ESAM 375-1: What does the Data Say?
Far too many courses on analyzing data these days are an assembly of methods. Because of the relative speed of development in the field, such courses, necessarily, lack an overarching framework. These are important courses/methods that students should learn about. That said, there is a much more fundamental issue that can be summarized by the following question -- "Is this result surprising?".
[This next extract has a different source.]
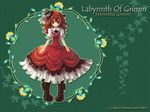  ascot boots brown_eyes brown_hair character_name copyright_name dress frills hat henrietta_grimm long_hair official_art puffy_sleeves smile solo wallpaper zettai_meikyuu_grimm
This question can be asked upon seeing the outcome of a sequence of coin tosses (Am I surprised that a coin from the U.S. mint gave me 7 heads and 3 tails in a sequence of 10 tosses?), or the plot outputted by fashionable dimensionality-reduction techniques. Said another way, assessing confidence in the outcome of some analysis rests on a clearly stated quantitative expectation. Deviations from this expectation should then represent surprise, and potentially a novel result. This assessment mind-set is something that students are often not taught, leaving them to rely on running black-box test statistics on their data and crossing their fingers.
Mirroring the manner in which computation revolutionized our study of differential equations (we now use computers to simulate the flow of air over an aerofoil, rather than compute by hand), the near-universal access to powerful computation calls for a new era of statistical assessment. Students need not carry around a list of xyz tests, and throw the kitchen sink at their data. Instead they can use a combination of a few simple ideas and the power of their computers to assess the confidence or surprise, they have in their results. This is the philosophy that guides this course.
The course has 3 broad sections: 1) The basics, 2) When you have a model in mind, and 3) When you don't have a model at hand. Again, the overall theme running through the class is to assess confidence through constructing quantitative expectations in your computer.
The basics - The atom of coding and plotting (We will teach you how to code) - The atom of probability - The atom of Bayesian analysis
When you have a model: - The atom of empirical assessment - The atom of parameter-estimation - The atom of null distributions
When you don't have a model: - The atom of correlation - The atom of statistical models - The atom of dimensionality-reduction
Coding proficiency: We assume you have never coded and teach you how to use your computer to figure out what the data says. We will teach coding in the Python Jupyter environment.
Prereqs: We have no prereqs for this class, and yet it is suitable for undergrads and grad students interested in understanding what their data says.
Class style: The class mirrors an experimental lab, only that here the experiments are done in your computer. The bulk of classes involve students working on worksheets on their computers in class. Lecture notes are made available and the students have them to read outside the classroom. Assignments are also entirely computational, and each one involves a flipped classroom style where students are given the opportunity to ask coding/conceptual/statistical questions. Overall, the ideology is that you get good at this kind of analysis by doing, not by listening to someone lecturing on how to do it.
Presentation: In parallel, a big theme of the course is plotting and presentation. The question, what does the Data say, is a vague one? And deciding what constitutes a satisfactory answer, and how to communicate that in well-crafted plots is a skill. This is a keystone teaching goal of this class.
Biology? This course is not focused on biological phenomena or biological datasets. We use data from biology only because it is readily accessible to the teaching faculty. Over time we are including data from other areas of study.